Build - It’s believed that overheads would be a fixed 240,000 per annum, the assets required would cost 150,000, cost of sales would be 65% of sales and sales would ramp up over 4 years proportionally until the 1,200,000 is achieved.
So which approach is best? Least costly? Is the Buy price appropriately valued?
Answer: It depends. On an after-tax basis the build basis will be marginally better after 4 years. However, there are inherent risks in the assumptions, especially around sales growth. On the buy basis an initial 700,000 would be required to acquire the business, on the build basis 150,000 would be required to buy the appropriate assets and a further 135,000 to cover the first-year loss. In year 2 the business would run a 30,000 loss and in year 3 become profitable. On a financing basis it will be significantly easier to fund a purchase an established business than finance the upfront costs and losses of a new business.
Hence, the valuation of an established business will reflect the current profitability and the time taken to build that customer base.
Other points / Issues:
Reason for sale
A business that is required to be sold quickly for personal circumstances can lead to a weaken negotiating position, and thus greater receptivity to a price below what would be expected over a longer sales period.
Dependency on a single client
A business will have increased risk if it’s highly dependent on a limited or single client, simply because that client will have significant leverage and can substantially impact the profitability/viability of that business. A lower multiple would be expected in such a situation.
Barriers to entry / Business stability
Businesses that have lower risk due to barriers to entry and generally highlighted through a long-term track record of stable income, are likely to have higher multiples attached to their profits.
Susceptibility to economic conditions
Different businesses are subject to economic conditions in varying amounts. Businesses focused on discretionary consumer disposable income can do well while economic conditions are favourable and then find a collapse in demand during a subsequent recession.
Tangible and Intangible assets
Tangible assets within a business that have resale value de-risk the valuation of a business as ultimately, they can be sold. Intangible assets depending on their materiality require appropriate insight as generally they are sunk costs that are not readily saleable to a third party. If they are integral to the business then they need to be assessed for future maintenance costs and technological obsolescence.

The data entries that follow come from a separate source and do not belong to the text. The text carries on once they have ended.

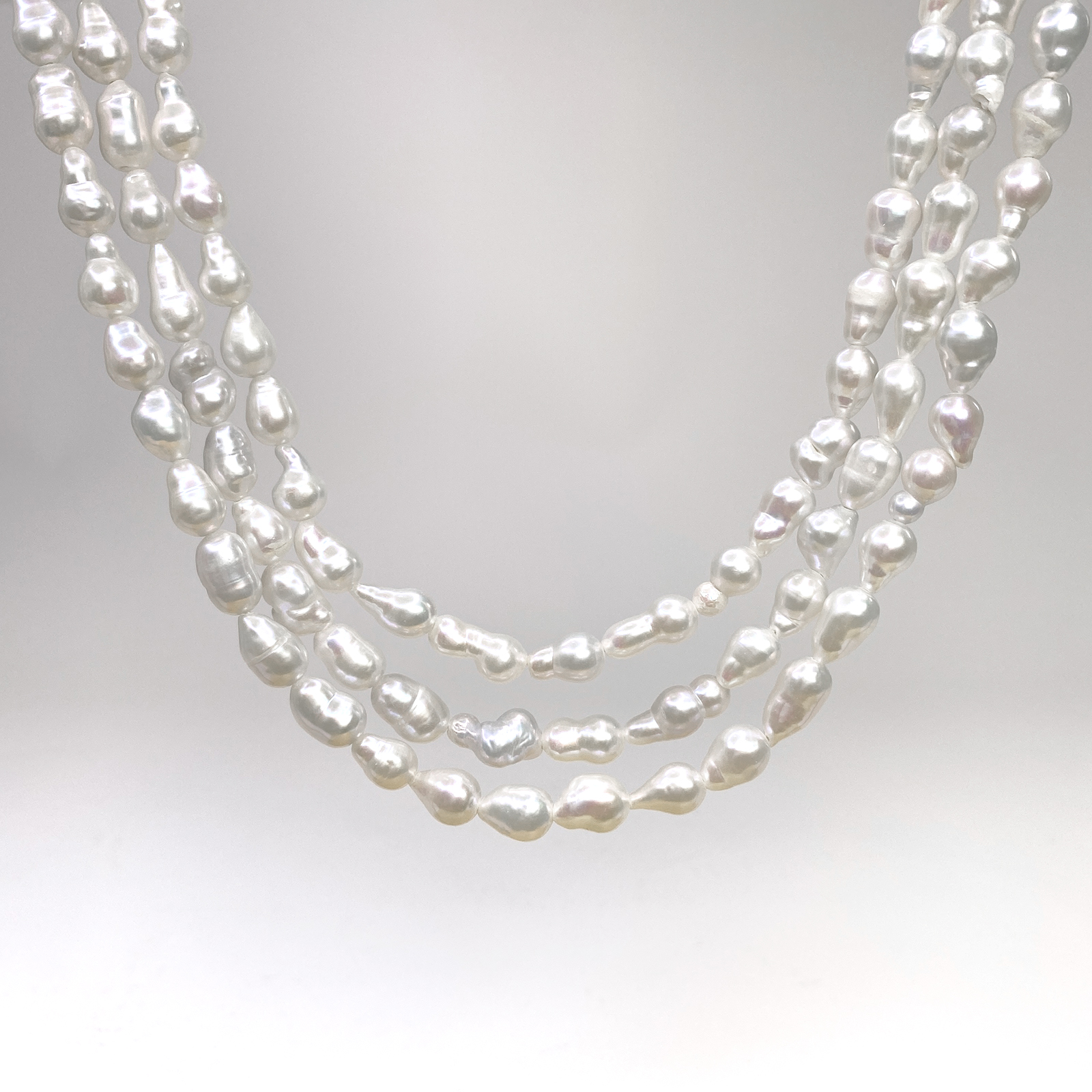 7.5x13mm Natural White Teardrop Baroque Freshwater Pearls Beads - Image 3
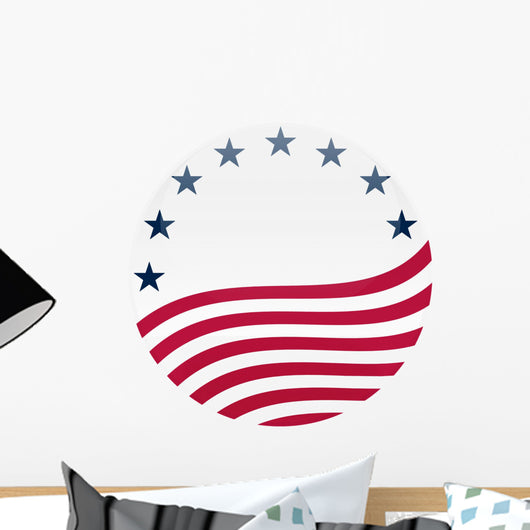 Waving American Flag on White with Stars Wall Decal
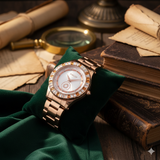Vialux Damenarmbanduhr Rosegold – Edel mit Baguette-Steinen & Sonnen-Design – NEU OVP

Note: Not all assets have value. As an example, in data warehousing old servers can be most costly to run and maintain than newer technology leased.
Non arms length transactions
If a business is being transferred to a person/entity that is ‘related’ then sufficient and appropriate evidence of its value will invariably be required for legal/tax compliance. Some examples are; Transfer of a business to a family trust, sale of the business or share of that business to a family member.
Hence, if the business is not being sold to an impartial and unrelated third party, then additional professional advice should be sought. Generally, a professional valuation would be required, your accountant or lawyer should be able to provide guidance on this as it will vary by Country/State/Tax jurisdiction.
And finally, after assessing the likely value of the business any purchase requires due diligence which is effectively testing /auditing the assumptions, business controls and underlying financial/operational numbers. If you’re on the sell side then you need to have all the information organised for a prospective purchaser.